No puedo despedir esta prueba sin hablar de precios. Aunque durante los últimos minutos hemos estado hablando de los C-SUV del Grupo Volkswagen, la verdad es que los rivales del Q3 los encontramos en la categoría premium, donde destaca la presencia del Volvo XC40, del BMW X1, del Mercedes GLA, del Jaguar E-Pace y del más nuevo Range Rover Evoque. Eso significa que el Q3 tiene un precio de salida, sin ofertas ni promociones, de 38.080 euros, y aunque su equipamiento de serie es bastante destacable, comparativamente hablando el Audi resulta uno de los más caros de la terna premium.

Conclusiones

La generación anterior del Q3 hacía tiempo que ya había quedado obsoleta y eso implicaba una renovación total para así poder seguir plantando cara a sus más duros rivales. El trabajo de Audi en esta reconstrucción ha abarcado toda una serie de cambios que van desde la plataforma, o el tamaño, hasta la tecnología y la modularidad. El resultado final es un equilibrio muy bien logrado. Sin lugar a dudas destacaría su equipamiento, su calidad y su versatilidad, además del comportamiento y la buena relación precio-consumo-rendimiento de la variante 35 TFSI S Tronic.

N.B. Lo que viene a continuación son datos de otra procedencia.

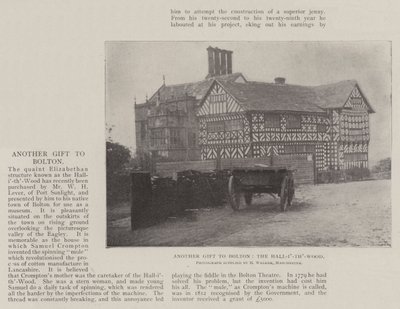 Kolejny prezent dla Boltona, Hall-i-th-Wood autorstwa English Photographer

Buena evolución para el Q3. Todos los cambios le han sentado bien, mejorando donde debía

En cuanto a las partes menos buenas, pues como siempre en Audi sin lugar a dudas el precio, y no me refiero al precio base, sino al de la larga lista de opcionales que se pueden sumar, ya que querer incluir todos esos detalles y gadgets que tanto gustan ahora nos obligará a rascarnos el bolsillo. Una práctica que todo sea dicho de paso está siendo muy utilizada por las marcas premium, por lo que ese problema es achacable al Q3 y a todos sus rivales directos. Pero eso no significa que me tenga que gustar.